(Extracted data entries)
»»

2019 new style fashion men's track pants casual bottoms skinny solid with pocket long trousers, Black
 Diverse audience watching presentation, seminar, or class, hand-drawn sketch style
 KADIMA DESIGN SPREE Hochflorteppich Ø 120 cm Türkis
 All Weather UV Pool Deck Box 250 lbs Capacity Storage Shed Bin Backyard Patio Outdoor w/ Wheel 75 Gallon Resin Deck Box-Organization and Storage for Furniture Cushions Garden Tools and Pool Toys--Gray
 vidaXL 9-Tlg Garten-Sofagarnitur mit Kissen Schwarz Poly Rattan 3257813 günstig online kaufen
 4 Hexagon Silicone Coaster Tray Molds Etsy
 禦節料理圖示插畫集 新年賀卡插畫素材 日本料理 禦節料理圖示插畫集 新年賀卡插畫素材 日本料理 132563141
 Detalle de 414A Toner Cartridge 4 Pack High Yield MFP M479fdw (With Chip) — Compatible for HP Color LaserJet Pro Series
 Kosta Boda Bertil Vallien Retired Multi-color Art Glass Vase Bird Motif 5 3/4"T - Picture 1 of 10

««

Please print exactly the lines from the one containing "禦節料理圖示插畫集 新年賀卡插畫素材 日本料理 禦節料理圖示插畫集" through the last line of the records, both included, and nothing else.

### Response area
 禦節料理圖示插畫集 新年賀卡插畫素材 日本料理 禦節料理圖示插畫集 新年賀卡插畫素材 日本料理 132563141
 Detalle de 414A Toner Cartridge 4 Pack High Yield MFP M479fdw (With Chip) — Compatible for HP Color LaserJet Pro Series
 Kosta Boda Bertil Vallien Retired Multi-color Art Glass Vase Bird Motif 5 3/4"T - Picture 1 of 10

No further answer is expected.